Limitation of Liability:

Seller shall not be liable for consequent, special or contingent damages arising from breach of warranty, breach of contract, negligence or any other legal theory. Such damages include, but are not limited to, loss of profits or revenue, loss of the use of the goods, or any associated goods or equipment, cost of capital, cost of any substitute goods, facilities or services, downtime costs, or claims of Purchaser‘s customers for such damages. The discharge or Seller‘s warranty obligation hereunder shall constitute fullfillment of all liabilities of Seller to Purchaser, whether based on contract, negligence or otherwise with respect to the goods sold or provided hereunder.
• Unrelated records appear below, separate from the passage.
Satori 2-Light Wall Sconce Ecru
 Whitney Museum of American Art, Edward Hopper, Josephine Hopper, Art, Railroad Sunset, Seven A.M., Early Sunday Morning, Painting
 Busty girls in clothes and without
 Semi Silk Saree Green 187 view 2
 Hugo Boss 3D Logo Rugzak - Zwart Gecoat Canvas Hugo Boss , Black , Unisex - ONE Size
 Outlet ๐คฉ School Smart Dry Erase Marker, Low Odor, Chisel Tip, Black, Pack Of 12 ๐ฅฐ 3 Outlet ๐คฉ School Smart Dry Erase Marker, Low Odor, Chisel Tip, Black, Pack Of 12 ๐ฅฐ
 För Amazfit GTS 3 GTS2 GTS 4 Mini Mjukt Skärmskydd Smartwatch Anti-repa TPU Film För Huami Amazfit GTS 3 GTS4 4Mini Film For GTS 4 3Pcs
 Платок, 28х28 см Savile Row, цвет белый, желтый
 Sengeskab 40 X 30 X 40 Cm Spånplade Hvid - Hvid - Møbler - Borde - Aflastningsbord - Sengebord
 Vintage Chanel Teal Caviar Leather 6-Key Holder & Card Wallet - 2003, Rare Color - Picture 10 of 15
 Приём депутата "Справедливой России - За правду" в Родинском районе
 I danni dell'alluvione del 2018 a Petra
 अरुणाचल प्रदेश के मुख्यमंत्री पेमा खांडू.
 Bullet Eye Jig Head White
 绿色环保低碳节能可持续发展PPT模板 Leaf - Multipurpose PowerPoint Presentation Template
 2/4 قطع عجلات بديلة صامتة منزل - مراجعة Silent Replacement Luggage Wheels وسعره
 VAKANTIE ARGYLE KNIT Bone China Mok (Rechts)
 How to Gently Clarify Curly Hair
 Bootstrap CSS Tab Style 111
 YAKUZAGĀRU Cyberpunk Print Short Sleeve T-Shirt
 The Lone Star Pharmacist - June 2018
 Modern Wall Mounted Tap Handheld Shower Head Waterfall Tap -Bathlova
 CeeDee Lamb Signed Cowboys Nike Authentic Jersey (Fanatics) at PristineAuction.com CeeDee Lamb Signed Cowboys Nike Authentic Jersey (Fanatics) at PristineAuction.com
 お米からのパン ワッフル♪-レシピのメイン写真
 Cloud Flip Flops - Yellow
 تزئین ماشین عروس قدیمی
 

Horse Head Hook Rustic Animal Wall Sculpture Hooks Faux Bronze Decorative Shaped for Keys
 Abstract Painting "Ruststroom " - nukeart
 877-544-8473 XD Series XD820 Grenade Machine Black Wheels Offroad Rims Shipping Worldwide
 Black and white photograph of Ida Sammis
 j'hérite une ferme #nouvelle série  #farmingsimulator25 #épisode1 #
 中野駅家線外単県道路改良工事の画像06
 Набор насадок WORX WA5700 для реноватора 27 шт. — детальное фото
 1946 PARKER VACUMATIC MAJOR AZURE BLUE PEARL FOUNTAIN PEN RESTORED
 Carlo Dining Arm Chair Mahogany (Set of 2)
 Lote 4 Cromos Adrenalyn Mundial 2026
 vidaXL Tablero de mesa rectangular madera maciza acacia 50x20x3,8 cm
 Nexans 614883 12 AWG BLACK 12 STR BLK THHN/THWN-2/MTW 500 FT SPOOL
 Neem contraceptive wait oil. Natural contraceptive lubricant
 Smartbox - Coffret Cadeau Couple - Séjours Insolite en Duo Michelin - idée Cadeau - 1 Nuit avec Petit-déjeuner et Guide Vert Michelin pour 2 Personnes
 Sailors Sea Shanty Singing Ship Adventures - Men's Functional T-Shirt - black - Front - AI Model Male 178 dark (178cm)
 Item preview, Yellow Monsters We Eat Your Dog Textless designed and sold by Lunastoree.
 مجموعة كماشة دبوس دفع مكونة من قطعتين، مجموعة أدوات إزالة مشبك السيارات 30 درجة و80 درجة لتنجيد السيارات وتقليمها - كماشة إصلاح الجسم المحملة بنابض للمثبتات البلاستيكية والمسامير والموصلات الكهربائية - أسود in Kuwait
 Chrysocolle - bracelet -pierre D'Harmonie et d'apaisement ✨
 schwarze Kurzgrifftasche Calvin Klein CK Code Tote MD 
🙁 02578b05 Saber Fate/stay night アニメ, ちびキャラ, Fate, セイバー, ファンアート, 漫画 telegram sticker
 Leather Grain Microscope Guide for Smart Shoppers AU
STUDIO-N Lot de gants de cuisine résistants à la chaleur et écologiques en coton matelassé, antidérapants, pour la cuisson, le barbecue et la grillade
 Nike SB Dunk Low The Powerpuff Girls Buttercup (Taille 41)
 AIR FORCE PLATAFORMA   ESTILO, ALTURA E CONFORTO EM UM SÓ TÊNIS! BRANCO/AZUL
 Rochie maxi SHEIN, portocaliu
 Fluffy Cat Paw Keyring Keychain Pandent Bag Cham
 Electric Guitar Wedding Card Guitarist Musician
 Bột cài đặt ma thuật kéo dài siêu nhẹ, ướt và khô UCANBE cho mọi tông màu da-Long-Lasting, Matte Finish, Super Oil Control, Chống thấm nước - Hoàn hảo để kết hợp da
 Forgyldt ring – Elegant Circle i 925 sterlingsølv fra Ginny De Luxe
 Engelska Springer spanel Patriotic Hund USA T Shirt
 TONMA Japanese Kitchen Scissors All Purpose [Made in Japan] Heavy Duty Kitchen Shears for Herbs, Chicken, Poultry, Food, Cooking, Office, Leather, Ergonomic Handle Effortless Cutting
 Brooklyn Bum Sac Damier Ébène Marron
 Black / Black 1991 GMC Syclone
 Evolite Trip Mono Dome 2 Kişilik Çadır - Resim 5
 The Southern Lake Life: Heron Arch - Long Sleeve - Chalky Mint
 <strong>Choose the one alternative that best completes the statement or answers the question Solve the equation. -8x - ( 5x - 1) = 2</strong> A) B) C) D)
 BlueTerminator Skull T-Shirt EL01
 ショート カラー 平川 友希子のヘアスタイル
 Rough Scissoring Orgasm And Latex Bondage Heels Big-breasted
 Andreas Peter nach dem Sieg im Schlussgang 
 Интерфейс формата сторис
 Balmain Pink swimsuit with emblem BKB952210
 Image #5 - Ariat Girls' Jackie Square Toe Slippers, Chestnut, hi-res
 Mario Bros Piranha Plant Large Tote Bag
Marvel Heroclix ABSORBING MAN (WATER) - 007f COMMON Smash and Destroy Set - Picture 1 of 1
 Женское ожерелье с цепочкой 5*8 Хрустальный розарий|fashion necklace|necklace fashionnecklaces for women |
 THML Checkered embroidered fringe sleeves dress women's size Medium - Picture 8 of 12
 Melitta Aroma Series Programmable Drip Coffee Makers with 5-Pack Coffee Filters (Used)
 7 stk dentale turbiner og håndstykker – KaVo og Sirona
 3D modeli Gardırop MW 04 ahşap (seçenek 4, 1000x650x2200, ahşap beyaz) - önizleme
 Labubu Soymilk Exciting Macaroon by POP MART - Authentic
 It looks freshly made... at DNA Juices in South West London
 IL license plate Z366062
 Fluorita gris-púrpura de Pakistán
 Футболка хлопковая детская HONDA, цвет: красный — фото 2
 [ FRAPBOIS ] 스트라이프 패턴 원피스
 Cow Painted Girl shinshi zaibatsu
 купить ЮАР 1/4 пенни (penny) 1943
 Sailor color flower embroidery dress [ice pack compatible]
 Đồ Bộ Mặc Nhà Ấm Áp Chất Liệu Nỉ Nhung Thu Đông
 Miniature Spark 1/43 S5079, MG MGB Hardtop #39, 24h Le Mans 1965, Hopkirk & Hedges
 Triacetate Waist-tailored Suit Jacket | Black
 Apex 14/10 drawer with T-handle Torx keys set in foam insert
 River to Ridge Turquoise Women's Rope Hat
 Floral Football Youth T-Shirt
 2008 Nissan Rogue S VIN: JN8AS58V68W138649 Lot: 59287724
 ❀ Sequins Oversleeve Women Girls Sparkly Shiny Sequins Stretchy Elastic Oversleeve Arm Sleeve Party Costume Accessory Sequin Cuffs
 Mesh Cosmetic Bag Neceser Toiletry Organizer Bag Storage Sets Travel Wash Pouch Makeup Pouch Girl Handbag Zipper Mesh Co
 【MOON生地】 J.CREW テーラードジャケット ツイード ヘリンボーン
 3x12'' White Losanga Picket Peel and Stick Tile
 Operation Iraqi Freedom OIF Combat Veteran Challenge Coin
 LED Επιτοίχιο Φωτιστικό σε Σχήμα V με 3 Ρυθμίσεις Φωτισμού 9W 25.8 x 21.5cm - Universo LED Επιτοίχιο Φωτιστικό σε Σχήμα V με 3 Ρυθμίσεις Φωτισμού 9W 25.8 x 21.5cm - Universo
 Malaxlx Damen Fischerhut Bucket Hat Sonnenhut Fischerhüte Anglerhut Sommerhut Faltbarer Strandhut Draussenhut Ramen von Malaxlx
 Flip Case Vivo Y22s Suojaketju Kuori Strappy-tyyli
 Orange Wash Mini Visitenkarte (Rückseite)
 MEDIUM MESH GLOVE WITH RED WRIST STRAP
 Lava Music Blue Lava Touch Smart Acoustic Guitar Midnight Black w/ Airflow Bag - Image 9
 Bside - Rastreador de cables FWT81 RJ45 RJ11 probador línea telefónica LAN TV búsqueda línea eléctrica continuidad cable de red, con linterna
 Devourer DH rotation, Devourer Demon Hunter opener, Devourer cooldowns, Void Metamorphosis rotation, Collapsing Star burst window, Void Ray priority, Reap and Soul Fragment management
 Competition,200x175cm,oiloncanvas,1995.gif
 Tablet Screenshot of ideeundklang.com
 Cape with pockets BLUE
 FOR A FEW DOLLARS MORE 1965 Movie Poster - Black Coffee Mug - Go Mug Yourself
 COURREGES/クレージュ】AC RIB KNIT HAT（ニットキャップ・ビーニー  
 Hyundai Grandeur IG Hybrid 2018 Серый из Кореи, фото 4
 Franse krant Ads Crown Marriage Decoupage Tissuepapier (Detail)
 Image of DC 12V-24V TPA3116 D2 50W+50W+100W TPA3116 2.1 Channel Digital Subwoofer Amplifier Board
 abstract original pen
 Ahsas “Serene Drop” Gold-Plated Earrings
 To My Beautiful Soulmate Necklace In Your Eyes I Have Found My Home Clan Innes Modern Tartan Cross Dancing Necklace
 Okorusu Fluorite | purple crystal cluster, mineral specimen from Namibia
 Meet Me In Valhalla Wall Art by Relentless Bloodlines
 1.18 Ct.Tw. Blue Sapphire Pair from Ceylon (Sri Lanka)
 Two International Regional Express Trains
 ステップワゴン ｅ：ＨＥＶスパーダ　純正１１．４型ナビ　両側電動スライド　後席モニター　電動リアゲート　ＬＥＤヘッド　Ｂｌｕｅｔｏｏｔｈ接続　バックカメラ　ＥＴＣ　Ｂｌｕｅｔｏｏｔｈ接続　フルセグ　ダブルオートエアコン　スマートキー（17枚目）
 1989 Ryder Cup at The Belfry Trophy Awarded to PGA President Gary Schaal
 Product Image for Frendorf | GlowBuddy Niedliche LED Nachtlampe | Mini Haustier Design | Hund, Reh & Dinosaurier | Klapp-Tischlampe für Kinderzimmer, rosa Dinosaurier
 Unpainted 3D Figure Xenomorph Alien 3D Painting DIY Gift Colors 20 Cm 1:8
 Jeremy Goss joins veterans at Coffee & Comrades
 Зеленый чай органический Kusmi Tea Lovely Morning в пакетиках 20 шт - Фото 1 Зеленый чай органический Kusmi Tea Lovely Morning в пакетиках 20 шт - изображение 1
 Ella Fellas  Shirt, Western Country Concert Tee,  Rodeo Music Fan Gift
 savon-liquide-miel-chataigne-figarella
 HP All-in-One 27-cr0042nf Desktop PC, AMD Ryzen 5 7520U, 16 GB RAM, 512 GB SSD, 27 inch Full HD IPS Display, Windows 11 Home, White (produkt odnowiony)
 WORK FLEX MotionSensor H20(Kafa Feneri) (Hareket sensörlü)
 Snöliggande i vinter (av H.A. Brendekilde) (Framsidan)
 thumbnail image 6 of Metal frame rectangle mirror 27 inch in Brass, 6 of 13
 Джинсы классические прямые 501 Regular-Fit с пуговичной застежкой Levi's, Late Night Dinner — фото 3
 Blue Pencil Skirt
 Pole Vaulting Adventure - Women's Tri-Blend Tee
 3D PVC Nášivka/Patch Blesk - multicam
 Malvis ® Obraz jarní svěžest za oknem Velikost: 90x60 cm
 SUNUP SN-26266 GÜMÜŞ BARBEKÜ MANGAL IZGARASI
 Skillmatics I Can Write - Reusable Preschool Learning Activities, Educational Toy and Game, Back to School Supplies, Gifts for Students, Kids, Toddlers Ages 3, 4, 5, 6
The remedies set forth herein shall be the exclusive remedies available to the Purchaser and in lieu of all other remedies, and the liability of Seller, whether in contract, in tort, under any warranty or otherwise, shall not exceed the price of the goods sold, supplied or furnished by Seller hereunder on which liability is based. Seller neither assumes nor authorizes any representative or ohter person to assume for it any obligation or liability other expressly set forth herein. Any suit or action arising out of or relating to this Agreement or the breach thereof, must be commenced within one (1) year after the cause of action has accrued. The foregoing shall not limit the time within which any suit or action must be brought to collect an amount agreed to be paid by Purchaser or to enforce a judgement or to collect any amount awarded thereunder. The sole purpose of the stipulated exclusive remedy shall be to provide Purchaser with a credit or replacement for, or the repair of, defective parts in the manner provided herein. This exclusive remedy shall not be deemed to have failed of its essential purpose so long as Seller is willing to credit Purchaser‘s account or repair or replace the defectice part(s) in the manner prescribed herein.